[DATA BELOW Boundary: Start]

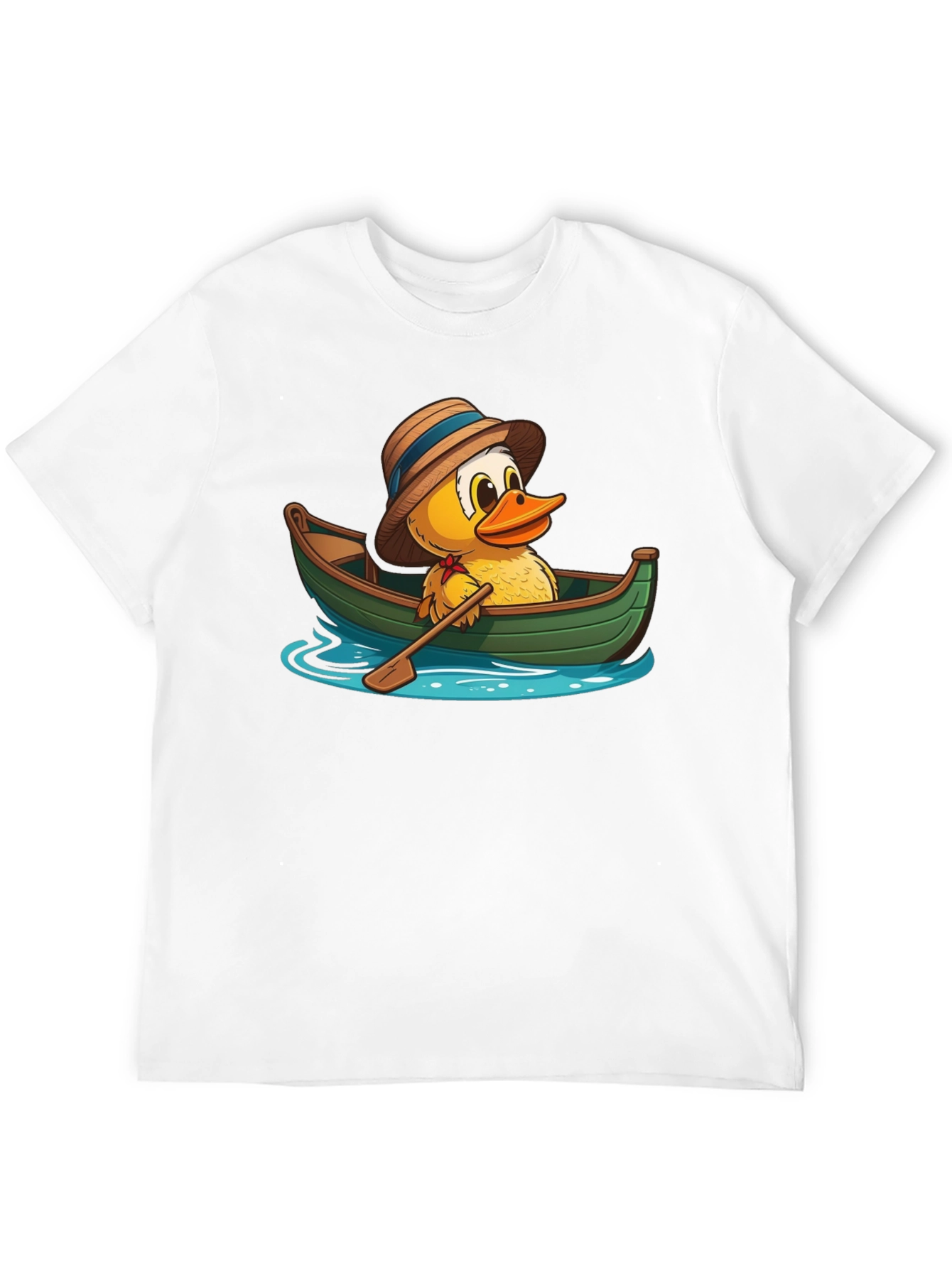 Duck in a Boat T-Shirt - Cartoon Animal Tee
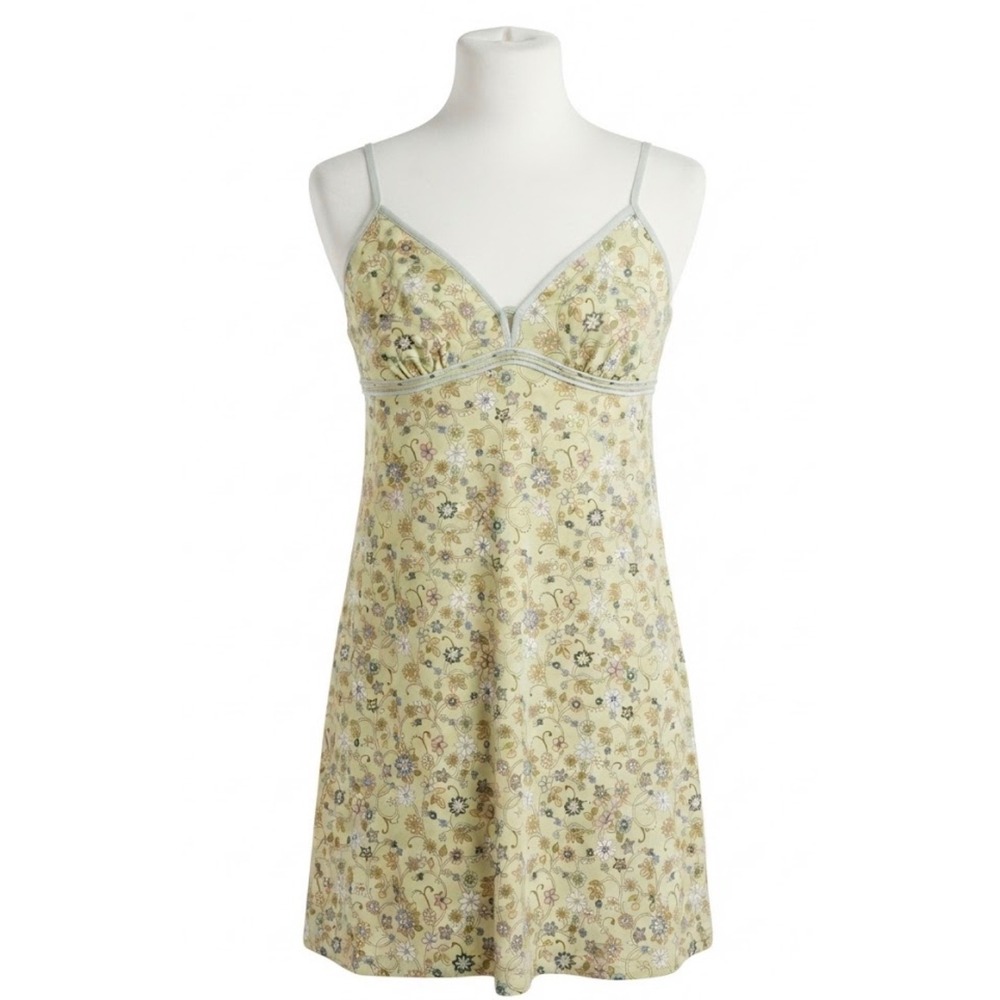 Hillard & Hanson Floral Cami Dress L Cotton Chemise Y2K Whimsigoth Fairycore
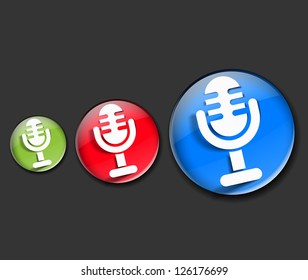 glossy mic icon, isolated on colorful background.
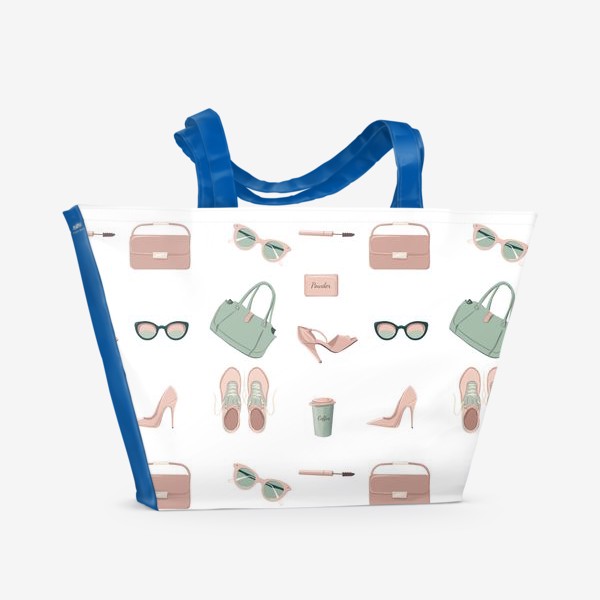 Пляжная сумка «Паттерн фэшн, мятный и розовый, белый фон»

[DATA BELOW Boundary: End]

All of the listing above has to be reproduced exactly, though without its images.

 Duck in a Boat T-Shirt - Cartoon Animal Tee
 Hillard & Hanson Floral Cami Dress L Cotton Chemise Y2K Whimsigoth Fairycore
 glossy mic icon, isolated on colorful background.
 Пляжная сумка «Паттерн фэшн, мятный и розовый, белый фон»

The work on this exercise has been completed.